I spent a good part of a day wrestling with an annoying problem I found while testing the Matrox G200 AGP graphics card I recently acquired on my Pentium 4 test machine. And it’s a quite serious problem – it causes a BSOD or a hard lockup/freezing in a 3D game under Windows 98 SE, shortly after any kind of 3D scenery appears. The card works without problems in Windows XP, but chances are if you’re sporting a G200 in your system, it’s for running retro games in Windows 98, and not anything that would benefit from Windows XP.
I tried various games like Unreal Gold, GLQuake, Quake 2, Half-Life, Test Drive 5 – both in fullscreen and windowed mode. The games either locked up the system or caused a BSOD, depending on what driver I was using. I tried all kinds of bios settings and driver tweaks, and the only setting that made a difference is disabling bus mastering in the driver settings. Now the good news is it fixed the crashing and freezing in Direct3D games. The bad news is it made OpenGL acceleration unavailable, so you’e stuck with software rendering for Quake games.
Eventually I decided to try some OpenGL to Direct3D wrappers, and the one that worked best was the wrapper originally made for the Chromatic Mpact2 graphics card. With the wrapper, Quake and Quake2 looked as expected, and even ran at playable framerates in the 30’s and 40’s on my Pentium 4 machine at 640×480 resolution. Not gonna impress anyone with those numbers, but getting it working at all felt like a major achievement after exhausting seemingly every other option.

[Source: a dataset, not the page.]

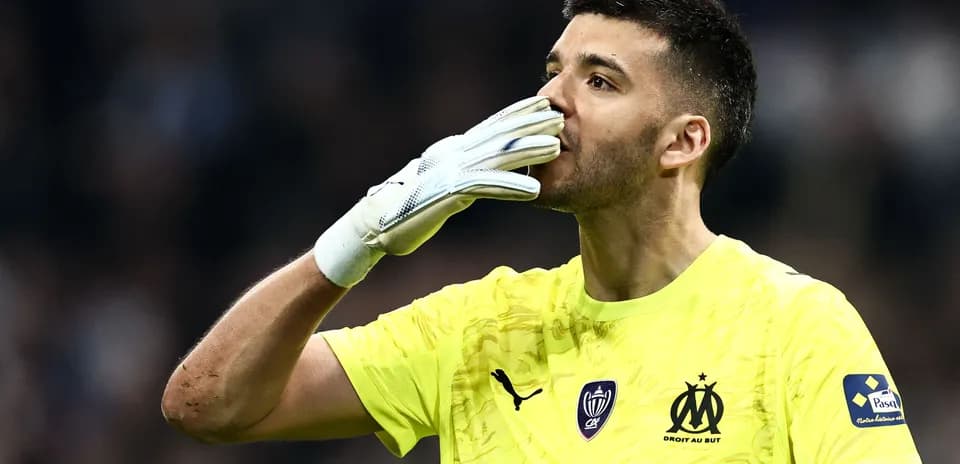 Portero del Olympique de Marsella saludando a la afición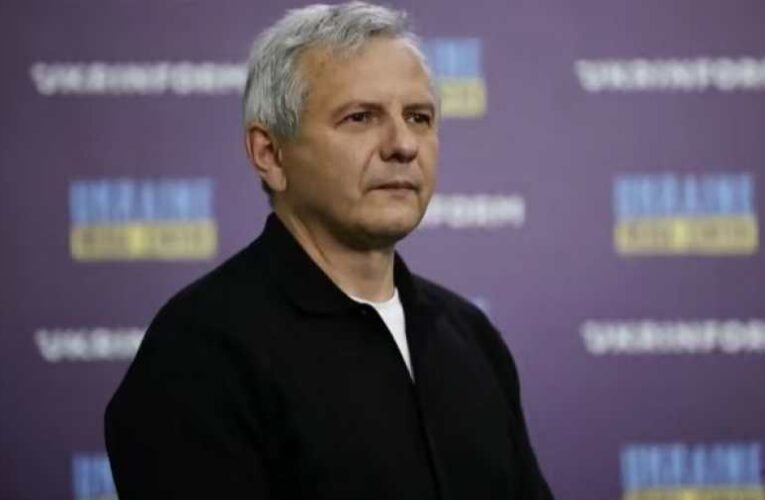 Zelenszkij tanácsadója: A magyarok fizetik azt a kést, amellyel az oroszok levágják az ukrán katona fejét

It’s possible that the problem is dependent on the system configuration, mainly the chipset or CPU. Digging around the Web, I found other people complaining about the bus mastering option causing instability. Maybe the driver doesn’t behave well on my Sis 651 motherboard, or has problems with the Pentium 4. Or maybe Matrox engineers just can’t write a competent OpenGL driver. The funniest part about all this is that in 1998 when the G200 was released, it was plagued for a long time by missing OpenGL support, and later on had to rely on a slow, buggy and incomplete TurboGL hack, basically a partial implementation of OpenGL. It took Matrox over a year, until after the followup G400 was released to have a working OpenGL driver. And yet, over two decades later, the ghosts of Matrox past continue to haunt me, and my G200 is still without a working OpenGL driver. Talk about getting an authentic 1998 experience!